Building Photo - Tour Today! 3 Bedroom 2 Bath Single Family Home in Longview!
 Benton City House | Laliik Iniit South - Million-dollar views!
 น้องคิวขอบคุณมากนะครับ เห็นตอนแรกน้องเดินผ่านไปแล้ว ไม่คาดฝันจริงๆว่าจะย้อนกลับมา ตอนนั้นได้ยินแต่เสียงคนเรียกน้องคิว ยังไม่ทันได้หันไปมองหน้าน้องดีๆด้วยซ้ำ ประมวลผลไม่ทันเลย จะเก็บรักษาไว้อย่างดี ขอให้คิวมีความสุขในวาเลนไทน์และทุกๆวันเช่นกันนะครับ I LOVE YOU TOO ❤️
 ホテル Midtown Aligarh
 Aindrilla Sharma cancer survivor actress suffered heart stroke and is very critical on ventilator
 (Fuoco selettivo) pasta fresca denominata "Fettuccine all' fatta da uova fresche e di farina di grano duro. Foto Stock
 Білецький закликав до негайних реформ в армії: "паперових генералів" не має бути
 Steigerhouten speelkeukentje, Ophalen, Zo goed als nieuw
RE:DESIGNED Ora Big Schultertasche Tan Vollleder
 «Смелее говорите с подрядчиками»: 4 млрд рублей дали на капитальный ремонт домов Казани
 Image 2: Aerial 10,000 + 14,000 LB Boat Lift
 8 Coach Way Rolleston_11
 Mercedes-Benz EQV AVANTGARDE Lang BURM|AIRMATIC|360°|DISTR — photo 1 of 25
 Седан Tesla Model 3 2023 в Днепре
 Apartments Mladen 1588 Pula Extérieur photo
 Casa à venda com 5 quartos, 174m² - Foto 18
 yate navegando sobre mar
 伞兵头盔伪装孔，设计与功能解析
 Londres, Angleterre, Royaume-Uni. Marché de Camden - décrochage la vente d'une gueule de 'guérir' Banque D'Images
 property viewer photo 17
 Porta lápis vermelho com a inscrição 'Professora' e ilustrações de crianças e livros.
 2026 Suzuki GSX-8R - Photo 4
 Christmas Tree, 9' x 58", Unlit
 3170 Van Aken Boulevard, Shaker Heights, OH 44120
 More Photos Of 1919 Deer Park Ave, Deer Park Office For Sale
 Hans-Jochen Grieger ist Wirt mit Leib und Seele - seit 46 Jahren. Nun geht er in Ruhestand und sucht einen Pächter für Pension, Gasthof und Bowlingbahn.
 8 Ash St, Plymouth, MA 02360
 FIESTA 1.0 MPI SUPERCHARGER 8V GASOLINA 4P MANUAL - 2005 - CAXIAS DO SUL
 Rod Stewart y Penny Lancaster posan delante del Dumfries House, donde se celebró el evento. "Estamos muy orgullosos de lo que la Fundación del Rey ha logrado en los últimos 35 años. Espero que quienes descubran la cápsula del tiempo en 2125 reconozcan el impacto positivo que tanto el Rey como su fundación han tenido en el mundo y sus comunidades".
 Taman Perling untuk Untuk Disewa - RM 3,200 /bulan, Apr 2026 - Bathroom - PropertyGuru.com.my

● ● ● ● ●

→ **TASK STATEMENT**
Wherever a line of the records above contains the string "Foto", copy that line out.

→ **RESULT OF THIS EXERCISE**
 (Fuoco selettivo) pasta fresca denominata "Fettuccine all' fatta da uova fresche e di farina di grano duro. Foto Stock
 Casa à venda com 5 quartos, 174m² - Foto 18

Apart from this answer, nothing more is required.